The K-12 education system in Singapore covers both primary and secondary education in public and international schools. As seats at public schools are limited and competitive, international parents will often look to enrol their children in international schools (also known as Foreign System Schools).
Governed by the Ministry of Education (MOE) the public school system is primarily intended for Singaporean citizens and permanent residents. Lessons are mainly taught in English, however, students can also study at least one foreign language.
As spaces for international children are extremely limited in public schools, most families will look to enrol their children in one of the country's international schools, 30+ of which follow the K-12 educational system. So while there is a wide choice, this, in turn, means there are varying identifying factors between schools which parents should take into consideration.
International schools have students at the preschool, primary and secondary levels and offer a variety of curricula, from globally-recognised frameworks to country-specific teaching methods. International education can differ significantly; even schools that align with the same curricula often vary in terms of academic rigour, the language of instruction, teacher training and admission criteria. It is important for parents to understand all of these areas so they can make the best decision for their children. They must also determine what areas are essential for their children, such as extra support, language opportunities or athletic development. With this in mind, parents are advised to research schools carefully and begin the application process early. It is worth noting that some international schools will not take children mid-way through the academic year so this is something to consider if individual circumstances may require this.
International schools typically have a highly competitive and merit-based admissions process, requiring students to provide test scores or take entrance exams. However, there are some schools that are non-selective in their admissions criteria. If parents plan to move their children into an international school in the future it is important to start this research early. This ensures that parents are able to support their children through tests or pre-admission study so they have the best chance at gaining a place at the school of their choice.

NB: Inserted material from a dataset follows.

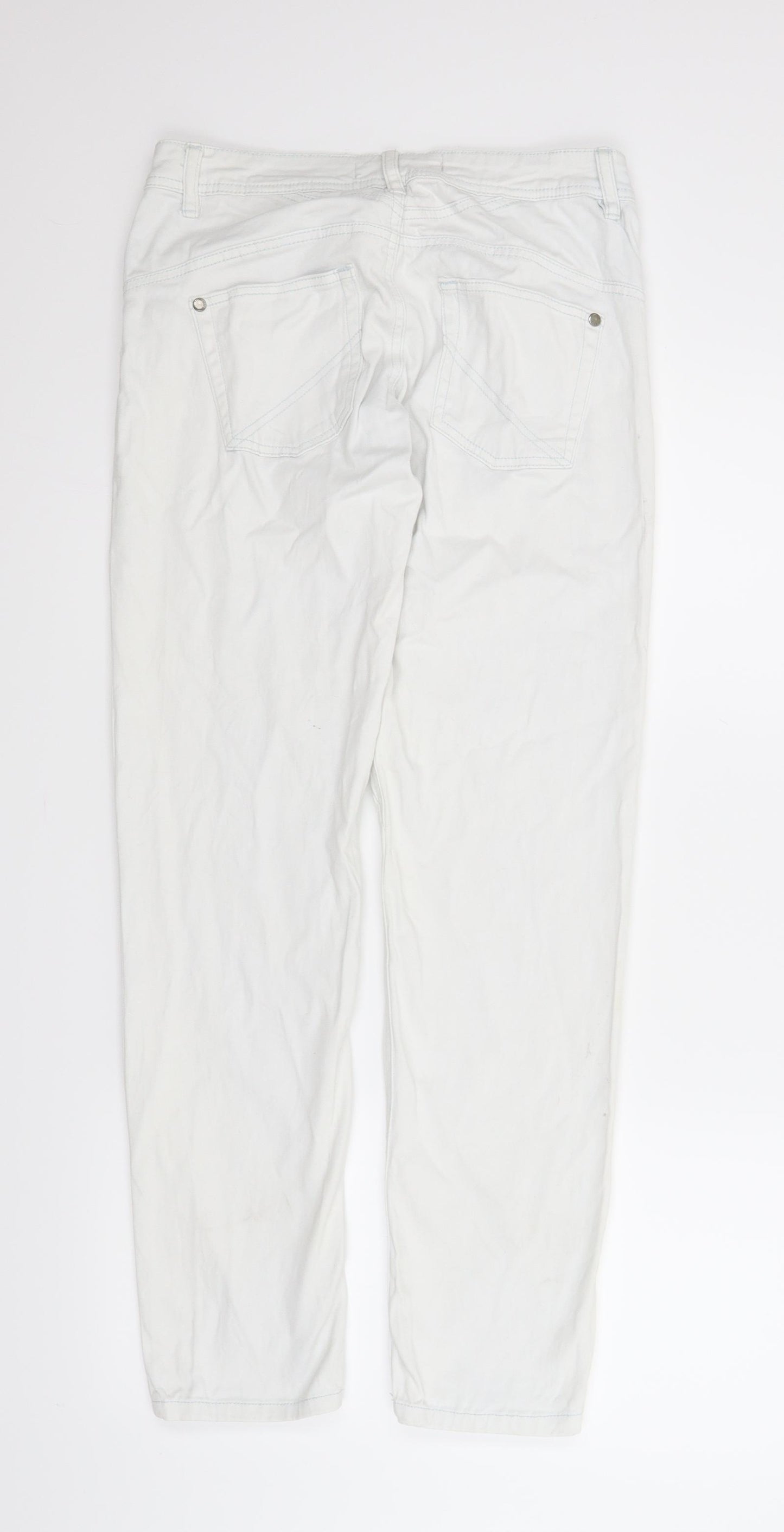 Blue Motion Womens White  Denim Straight Jeans Size 8 L28 in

While public schools in Singapore strictly follow the MOE’s protocols and guidance, international schools have greater flexibility in how they govern themselves and their respective education system. International schools will follow the MOE’s minimum standards for teacher qualifications, however from that point forward the schools are autonomous in their decisions around curricula methodology, grading methods and age admission. While this allows the schools to cater to their students’ needs, it also means there can be a wide variation in teaching between institutions. Parents should be aware of this if they think they may change their school mid-term, as the inconsistencies in curricula could be disruptive for the student.

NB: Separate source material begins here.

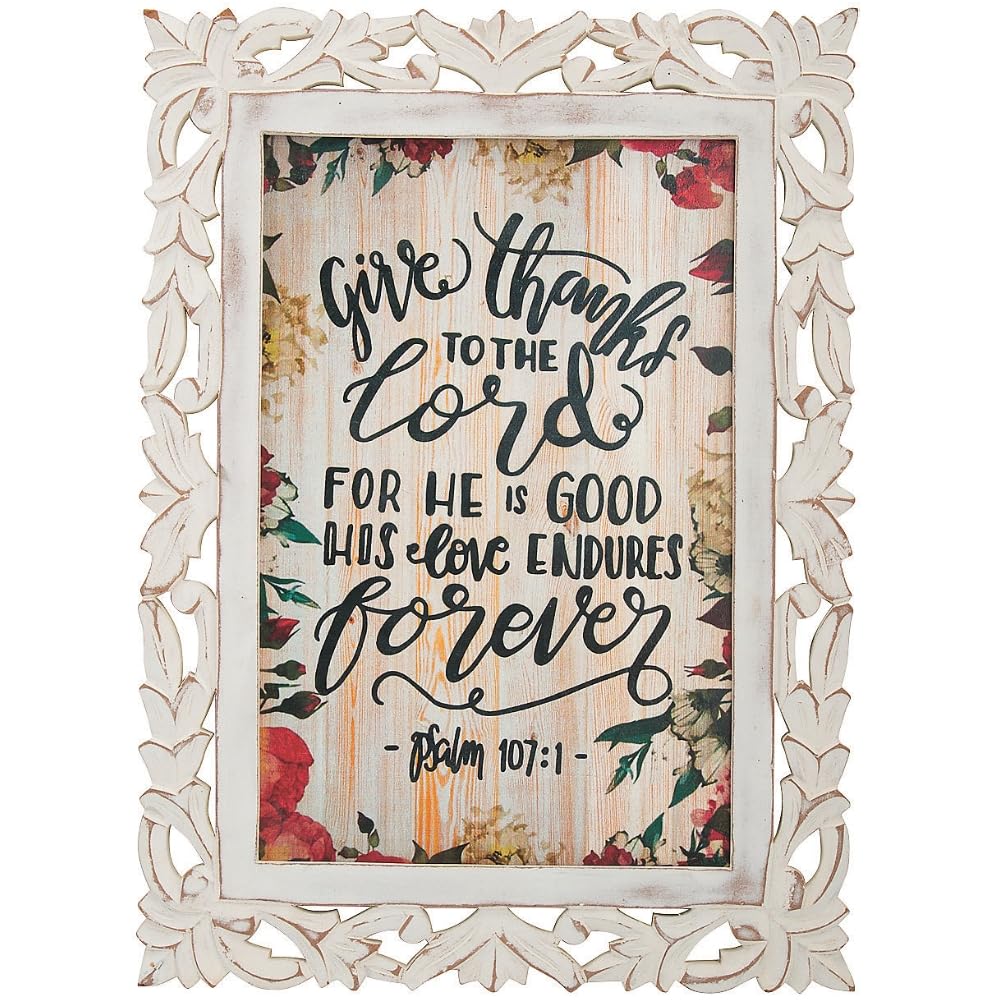 Fun Express Give Thanks to The Lord Sign - Inspirational Christian Home Decor Wall Hanging - 1 Piece - Perfect for Thanksgiving, Church Events & Faithful Home Decorations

Schools which fall outside of the state-run system have to register with the Committee for Private Education (CPE), a statutory board that regulates private education in Singapore. The CPE administers EduTrust, a certification programme recognising schools that meet rigorous standards in the areas of school management, financial stability and educational services. While this certification is voluntary for most schools, it is required for institutions that enrol international students.
Most international schools offer a balanced curriculum that supports comprehensive development and affords students the best foundations and opportunity to thrive in a global, 21st-century society. It is important to do a lot of research to ensure that you are matching your child to the best school for them. There is a huge variation between schools, and there are numerous factors to take into consideration when choosing. It is important to understand the teaching methods and opportunities within the curriculum, to find out about the teachers and staff members, to understand the school’s ethos and focus as well as ensuring that the environment is right for your child. It may be that there is a school slightly further away, which meets all of the requirements, so it is often worth researching those which may not be in closest proximity to you. It is also worthwhile to consider the diversity within the school population, as this is one of the huge positives of international schools. It allows students to meet others from a range of backgrounds, countries and religions. All in all, research and understanding of the options available is crucial when selecting the school for your child and your family.